Deep down, however, Miss Robbie may still have been an entertainer at heart, because it wasn’t long until her soul food restaurants had blossomed into the reality TV show Welcome to Sweetie Pie’s, which ran for 7 years from 2011 to 2018 on the Oprah Winfrey Network, winning two NAACP Image Awards.
Unfortunately, the show was headed for a tragic end.
What Happened to Welcome to Sweetie Pie’s?
The popular Welcome to Sweetie Pie’s show not only chronicled the work that went into running the Sweetie Pie’s restaurants, it also followed Miss Robbie’s family, many of whom worked with her at the various Sweetie Pie’s locations.
Among these were James Timothy Norman, one of Miss Robbie’s children, and Andre Montgomery Jr., Norman’s nephew and Miss Robbie’s grandson.
Andre Montgomery Jr. was 21 years old when he was lured out onto the street near Fairground Park in St. Louis and shot to death by Travell Anthony Hill.
Who was Hill, and why did he kill Andre Montgomery Jr.? The answer would shake the foundations of the Montgomery family and spell the end of the Welcome to Sweetie Pie’s show.
It was not until four years later that James Timothy Norman was arrested in connection with the murder. “Tim Norman portrayed one image to the public,” said Assistant U.S. Attorney Angie Danis, “but there were more sinister intentions lurking underneath.”
It seemed that Norman was the sole beneficiary of a life insurance policy on his nephew—one that was worth $450,000.
To collect, he had paid an exotic dancer named Terica Taneisha Ellis $10,000 to locate Andre Norman Jr., at which time Travell Anthony Hill had been paid $5,000 to shoot him with a .380-caliber pistol.
“Tim Norman sought to make $450,000 by having his nephew, Andre Montgomery, killed,” U.S. Attorney Sayler A. Fleming said. “Instead, he was caught and will spend the rest of his life in prison.”
The Fallout of the Sweetie Pie’s Murder

Tim Norman
Photo Credit: People“This could easily have been just another unsolved killing,” Judge John A. Ross said, praising the “incredible effort” made by investigators to crack the case.

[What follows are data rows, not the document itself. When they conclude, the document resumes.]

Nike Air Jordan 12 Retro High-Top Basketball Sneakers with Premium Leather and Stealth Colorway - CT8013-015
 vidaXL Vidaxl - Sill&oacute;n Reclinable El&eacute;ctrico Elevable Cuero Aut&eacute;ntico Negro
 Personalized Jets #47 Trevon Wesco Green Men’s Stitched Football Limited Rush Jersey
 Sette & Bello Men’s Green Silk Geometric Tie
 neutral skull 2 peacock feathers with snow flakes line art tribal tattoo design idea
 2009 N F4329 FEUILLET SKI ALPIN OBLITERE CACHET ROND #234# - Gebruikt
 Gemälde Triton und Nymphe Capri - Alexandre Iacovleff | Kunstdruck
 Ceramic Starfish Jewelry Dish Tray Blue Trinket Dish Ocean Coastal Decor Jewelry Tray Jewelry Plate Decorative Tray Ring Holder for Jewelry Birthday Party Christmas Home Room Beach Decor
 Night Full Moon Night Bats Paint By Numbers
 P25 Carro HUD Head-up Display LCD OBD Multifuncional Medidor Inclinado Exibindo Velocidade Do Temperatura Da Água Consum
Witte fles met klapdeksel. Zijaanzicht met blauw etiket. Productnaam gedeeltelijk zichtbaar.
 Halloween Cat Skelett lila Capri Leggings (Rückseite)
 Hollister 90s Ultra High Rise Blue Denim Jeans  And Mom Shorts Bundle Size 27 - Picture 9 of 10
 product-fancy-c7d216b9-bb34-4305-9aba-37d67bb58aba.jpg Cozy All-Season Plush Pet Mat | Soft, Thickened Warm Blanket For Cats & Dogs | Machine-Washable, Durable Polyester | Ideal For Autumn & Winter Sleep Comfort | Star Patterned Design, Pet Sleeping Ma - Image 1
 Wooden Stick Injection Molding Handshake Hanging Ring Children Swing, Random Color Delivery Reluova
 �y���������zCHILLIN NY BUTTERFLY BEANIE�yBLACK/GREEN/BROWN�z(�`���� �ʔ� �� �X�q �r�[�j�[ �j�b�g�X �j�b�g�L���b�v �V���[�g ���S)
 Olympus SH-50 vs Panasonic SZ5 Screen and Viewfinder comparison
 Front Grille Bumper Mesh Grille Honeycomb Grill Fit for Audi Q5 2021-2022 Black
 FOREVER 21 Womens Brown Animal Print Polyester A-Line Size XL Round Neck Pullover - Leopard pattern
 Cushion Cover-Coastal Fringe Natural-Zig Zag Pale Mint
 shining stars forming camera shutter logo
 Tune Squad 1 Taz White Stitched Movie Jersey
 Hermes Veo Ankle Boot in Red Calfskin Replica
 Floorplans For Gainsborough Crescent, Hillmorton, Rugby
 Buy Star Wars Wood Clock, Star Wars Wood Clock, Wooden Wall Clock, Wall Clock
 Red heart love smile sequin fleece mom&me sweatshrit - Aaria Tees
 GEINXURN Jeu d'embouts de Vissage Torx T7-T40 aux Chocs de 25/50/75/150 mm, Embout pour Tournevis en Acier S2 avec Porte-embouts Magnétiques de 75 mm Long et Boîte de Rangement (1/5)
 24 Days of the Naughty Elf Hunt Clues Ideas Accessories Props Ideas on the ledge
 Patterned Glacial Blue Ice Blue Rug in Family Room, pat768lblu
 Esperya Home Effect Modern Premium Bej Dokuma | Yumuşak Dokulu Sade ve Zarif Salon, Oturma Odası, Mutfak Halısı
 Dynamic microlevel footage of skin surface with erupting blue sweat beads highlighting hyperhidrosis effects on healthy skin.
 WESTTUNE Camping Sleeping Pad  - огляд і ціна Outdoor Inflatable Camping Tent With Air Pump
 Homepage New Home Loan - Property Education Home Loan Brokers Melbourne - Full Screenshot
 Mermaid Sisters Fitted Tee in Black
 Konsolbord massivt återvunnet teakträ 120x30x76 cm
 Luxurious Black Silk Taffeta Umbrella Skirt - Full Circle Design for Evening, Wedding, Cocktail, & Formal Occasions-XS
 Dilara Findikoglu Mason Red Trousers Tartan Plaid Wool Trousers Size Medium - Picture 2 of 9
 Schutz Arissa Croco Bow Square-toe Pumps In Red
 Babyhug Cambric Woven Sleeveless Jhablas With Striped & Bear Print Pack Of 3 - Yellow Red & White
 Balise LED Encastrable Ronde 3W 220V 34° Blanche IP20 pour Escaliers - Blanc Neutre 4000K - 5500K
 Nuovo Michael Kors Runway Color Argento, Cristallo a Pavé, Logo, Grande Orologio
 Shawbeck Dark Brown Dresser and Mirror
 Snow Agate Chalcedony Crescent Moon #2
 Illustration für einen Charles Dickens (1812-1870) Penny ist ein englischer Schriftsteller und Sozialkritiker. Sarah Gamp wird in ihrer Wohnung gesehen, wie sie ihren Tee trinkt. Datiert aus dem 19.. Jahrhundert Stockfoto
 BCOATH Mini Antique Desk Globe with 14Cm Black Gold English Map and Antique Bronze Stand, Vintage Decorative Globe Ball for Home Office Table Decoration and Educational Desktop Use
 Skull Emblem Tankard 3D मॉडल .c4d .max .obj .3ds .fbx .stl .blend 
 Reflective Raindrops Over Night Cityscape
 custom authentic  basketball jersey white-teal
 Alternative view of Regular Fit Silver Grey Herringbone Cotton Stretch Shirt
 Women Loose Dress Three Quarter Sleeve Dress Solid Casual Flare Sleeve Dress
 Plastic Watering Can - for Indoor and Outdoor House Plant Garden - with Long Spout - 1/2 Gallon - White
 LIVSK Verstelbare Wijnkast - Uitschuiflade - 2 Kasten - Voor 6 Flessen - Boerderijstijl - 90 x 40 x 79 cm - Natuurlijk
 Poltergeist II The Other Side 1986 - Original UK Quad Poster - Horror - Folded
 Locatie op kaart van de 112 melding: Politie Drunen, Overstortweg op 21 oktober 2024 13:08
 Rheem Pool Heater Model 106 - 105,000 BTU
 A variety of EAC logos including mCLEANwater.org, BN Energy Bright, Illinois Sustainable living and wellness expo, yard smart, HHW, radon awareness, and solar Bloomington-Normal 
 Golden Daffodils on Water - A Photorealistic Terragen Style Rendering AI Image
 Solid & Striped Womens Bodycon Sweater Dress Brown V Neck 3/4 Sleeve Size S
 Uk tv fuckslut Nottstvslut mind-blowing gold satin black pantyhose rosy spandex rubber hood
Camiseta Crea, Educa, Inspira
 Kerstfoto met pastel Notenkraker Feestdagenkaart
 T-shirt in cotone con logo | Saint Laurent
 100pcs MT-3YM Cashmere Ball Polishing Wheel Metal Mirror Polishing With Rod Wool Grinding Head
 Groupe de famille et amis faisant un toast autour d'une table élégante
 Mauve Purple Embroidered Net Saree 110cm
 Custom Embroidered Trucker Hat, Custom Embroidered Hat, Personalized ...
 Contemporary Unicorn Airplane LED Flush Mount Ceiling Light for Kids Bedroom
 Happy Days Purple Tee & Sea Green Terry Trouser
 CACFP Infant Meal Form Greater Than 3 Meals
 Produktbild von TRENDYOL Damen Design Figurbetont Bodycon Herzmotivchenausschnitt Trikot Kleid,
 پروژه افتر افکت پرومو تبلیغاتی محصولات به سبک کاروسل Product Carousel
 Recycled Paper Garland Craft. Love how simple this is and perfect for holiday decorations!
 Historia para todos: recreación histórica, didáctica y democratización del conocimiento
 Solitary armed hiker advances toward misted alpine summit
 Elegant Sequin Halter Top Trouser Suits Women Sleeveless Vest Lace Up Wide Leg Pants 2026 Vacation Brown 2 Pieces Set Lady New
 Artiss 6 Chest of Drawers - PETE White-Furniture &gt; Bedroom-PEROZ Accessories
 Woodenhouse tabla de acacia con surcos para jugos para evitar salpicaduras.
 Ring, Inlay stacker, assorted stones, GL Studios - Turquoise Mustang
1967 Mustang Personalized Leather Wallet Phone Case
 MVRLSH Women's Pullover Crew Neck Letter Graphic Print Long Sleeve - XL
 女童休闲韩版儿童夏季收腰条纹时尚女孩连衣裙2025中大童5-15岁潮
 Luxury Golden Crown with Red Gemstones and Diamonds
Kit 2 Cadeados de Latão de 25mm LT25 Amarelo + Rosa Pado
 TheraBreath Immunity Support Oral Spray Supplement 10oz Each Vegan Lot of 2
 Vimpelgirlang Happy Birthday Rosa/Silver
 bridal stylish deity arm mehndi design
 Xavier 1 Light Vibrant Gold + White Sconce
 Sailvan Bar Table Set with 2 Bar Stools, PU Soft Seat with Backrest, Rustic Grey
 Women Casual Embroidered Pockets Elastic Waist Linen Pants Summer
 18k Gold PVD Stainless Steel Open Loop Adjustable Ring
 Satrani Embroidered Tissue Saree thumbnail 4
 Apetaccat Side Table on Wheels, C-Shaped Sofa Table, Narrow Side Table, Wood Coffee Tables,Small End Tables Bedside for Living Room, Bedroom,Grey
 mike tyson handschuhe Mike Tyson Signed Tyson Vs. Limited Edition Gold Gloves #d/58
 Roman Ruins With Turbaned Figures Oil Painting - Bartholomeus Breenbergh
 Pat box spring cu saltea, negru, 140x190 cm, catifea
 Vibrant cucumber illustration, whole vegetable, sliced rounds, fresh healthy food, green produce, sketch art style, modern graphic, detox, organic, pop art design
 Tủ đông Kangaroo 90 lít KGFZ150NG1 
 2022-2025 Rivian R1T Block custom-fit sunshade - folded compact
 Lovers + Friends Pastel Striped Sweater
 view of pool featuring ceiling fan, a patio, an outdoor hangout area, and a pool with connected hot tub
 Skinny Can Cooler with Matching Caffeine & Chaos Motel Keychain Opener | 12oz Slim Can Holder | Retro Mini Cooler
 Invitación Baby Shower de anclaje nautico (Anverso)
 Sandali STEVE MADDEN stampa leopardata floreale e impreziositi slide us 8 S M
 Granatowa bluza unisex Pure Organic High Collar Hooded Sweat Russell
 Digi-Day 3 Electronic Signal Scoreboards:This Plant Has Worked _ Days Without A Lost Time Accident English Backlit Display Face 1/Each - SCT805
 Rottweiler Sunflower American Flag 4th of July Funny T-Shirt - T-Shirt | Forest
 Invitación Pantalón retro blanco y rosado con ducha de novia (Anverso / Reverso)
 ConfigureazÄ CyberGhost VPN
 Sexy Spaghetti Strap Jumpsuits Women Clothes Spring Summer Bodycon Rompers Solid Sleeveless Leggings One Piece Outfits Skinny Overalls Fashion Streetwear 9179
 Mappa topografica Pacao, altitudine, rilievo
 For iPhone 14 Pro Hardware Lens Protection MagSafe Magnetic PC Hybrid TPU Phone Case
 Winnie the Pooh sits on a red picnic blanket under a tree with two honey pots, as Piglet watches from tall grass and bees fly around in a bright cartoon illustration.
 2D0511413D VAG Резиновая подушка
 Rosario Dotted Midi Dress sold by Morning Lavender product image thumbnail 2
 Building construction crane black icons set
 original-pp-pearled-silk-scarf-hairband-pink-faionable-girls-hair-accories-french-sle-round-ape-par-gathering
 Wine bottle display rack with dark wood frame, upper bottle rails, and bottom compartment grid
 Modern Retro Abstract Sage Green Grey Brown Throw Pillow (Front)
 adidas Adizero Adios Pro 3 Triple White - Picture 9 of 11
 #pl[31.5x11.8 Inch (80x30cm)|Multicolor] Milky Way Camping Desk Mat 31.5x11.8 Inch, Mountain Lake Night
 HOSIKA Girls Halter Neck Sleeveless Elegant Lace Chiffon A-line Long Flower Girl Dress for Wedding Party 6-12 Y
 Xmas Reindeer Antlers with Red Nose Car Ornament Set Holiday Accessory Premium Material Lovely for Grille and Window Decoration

James Timothy Norman was found guilty and sentenced to life in prison on March 2, 2023, despite letters from family and friends—including Miss Robbie herself—asking for leniency.
“I don’t know whether Tim did what he was accused and convicted of,” Miss Robbie’s letter reads, in part. “He is still the baby that I bore, and I love him as every mother involved loves their child.”
Other persons of interest in the crime received lesser sentences. Triggerman Travell Anthony Hill was sentenced to 32 years in prison for murder-for-hire and conspiracy to commit murder-for-hire, while Terica Taneisha Ellis received a sentence of three years behind bars.
Also sentenced to three years was Waiel Rebhi Yaghnam, Norman’s former insurance agent, who had helped Norman to obtain – and then claim—the life insurance policy on Andre Montgomery Jr.
While the others pleaded guilty and helped to testify in the case against Norman, James Timothy Norman himself maintained his innocence, even after his conviction in the elaborate Sweetie Pie’s murder plot, which Judge Ross called “a cold-blooded, incredibly premeditated, planned execution of your nephew.”
The End of Welcome to Sweetie Pie’s, but Not the End

Tim Norman's Mugshot
Photo Credit: St. Louis Post-DispatchOf course, the repercussions of the murder affected more than just the victim and perpetrators.
“Five families, especially that of the victim, are suffering and irreparably harmed as a result of Norman’s plot to have his own nephew murdered,” FBI agent Jay Greenberg observed.
By the time James Timothy Norman was arrested in connection with his nephew’s murder, the Welcome to Sweetie Pie’s show was already off the air, having been canceled at the end of its 9th season in 2018.
The show’s 100th and final episode, which aired on June 9, 2018, was called “Movin’ On.”
While the Welcome to Sweetie Pie’s show may be over and the future of the chain of soul food restaurants owned by Miss Robbie and managed by her family—including, at one time, both Andre Montgomery Jr. and James Timothy Norman—remains uncertain, Miss Robbie isn’t done yet.
Even as Welcome to Sweetie Pie’s drew to a close in 2018, Miss Robbie released a new solo musical album, her first in more than 40 years.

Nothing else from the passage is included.